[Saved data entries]
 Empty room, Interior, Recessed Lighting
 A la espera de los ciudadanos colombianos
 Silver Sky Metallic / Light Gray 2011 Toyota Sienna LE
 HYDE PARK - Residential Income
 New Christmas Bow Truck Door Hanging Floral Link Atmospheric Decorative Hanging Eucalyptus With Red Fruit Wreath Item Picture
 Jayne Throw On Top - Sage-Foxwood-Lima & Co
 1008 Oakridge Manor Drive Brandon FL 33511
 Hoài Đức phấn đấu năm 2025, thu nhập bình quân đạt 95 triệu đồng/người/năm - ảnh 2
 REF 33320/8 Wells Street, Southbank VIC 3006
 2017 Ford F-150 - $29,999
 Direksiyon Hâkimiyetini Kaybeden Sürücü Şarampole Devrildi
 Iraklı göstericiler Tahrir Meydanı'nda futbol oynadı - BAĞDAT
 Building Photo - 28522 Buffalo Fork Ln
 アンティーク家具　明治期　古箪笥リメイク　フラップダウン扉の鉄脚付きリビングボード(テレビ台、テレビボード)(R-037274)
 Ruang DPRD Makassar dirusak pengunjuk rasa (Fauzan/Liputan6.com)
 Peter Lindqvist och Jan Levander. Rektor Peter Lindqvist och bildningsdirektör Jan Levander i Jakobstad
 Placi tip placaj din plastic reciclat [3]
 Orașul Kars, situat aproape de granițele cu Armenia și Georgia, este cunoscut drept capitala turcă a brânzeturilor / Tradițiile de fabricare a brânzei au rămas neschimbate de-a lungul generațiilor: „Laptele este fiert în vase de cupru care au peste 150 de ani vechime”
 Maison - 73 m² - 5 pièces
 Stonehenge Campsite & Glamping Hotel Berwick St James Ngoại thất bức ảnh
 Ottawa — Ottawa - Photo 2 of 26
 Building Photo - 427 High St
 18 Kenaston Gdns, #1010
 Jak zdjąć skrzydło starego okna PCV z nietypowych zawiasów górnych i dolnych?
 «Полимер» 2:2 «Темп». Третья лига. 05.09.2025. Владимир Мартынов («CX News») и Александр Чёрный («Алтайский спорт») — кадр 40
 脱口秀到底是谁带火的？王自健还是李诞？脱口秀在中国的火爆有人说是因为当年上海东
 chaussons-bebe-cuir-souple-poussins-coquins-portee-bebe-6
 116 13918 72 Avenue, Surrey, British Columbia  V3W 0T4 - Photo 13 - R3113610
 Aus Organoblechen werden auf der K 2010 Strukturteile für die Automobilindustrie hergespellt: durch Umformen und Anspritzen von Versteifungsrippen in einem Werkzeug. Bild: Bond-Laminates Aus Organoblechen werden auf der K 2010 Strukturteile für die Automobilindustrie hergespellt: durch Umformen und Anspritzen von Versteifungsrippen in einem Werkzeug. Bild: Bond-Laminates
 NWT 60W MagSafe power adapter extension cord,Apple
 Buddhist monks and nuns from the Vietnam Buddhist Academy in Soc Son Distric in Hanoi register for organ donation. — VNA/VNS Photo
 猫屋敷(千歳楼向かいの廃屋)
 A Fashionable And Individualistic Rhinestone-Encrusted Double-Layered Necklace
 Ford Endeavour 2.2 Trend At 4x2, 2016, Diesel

- [Required action]: Retype the entries exactly from the first line, stopping after the line with "Jayne Throw On Top - Sage-Foxwood-Lima & Co".

- [Solution below]:
 Empty room, Interior, Recessed Lighting
 A la espera de los ciudadanos colombianos
 Silver Sky Metallic / Light Gray 2011 Toyota Sienna LE
 HYDE PARK - Residential Income
 New Christmas Bow Truck Door Hanging Floral Link Atmospheric Decorative Hanging Eucalyptus With Red Fruit Wreath Item Picture
 Jayne Throw On Top - Sage-Foxwood-Lima & Co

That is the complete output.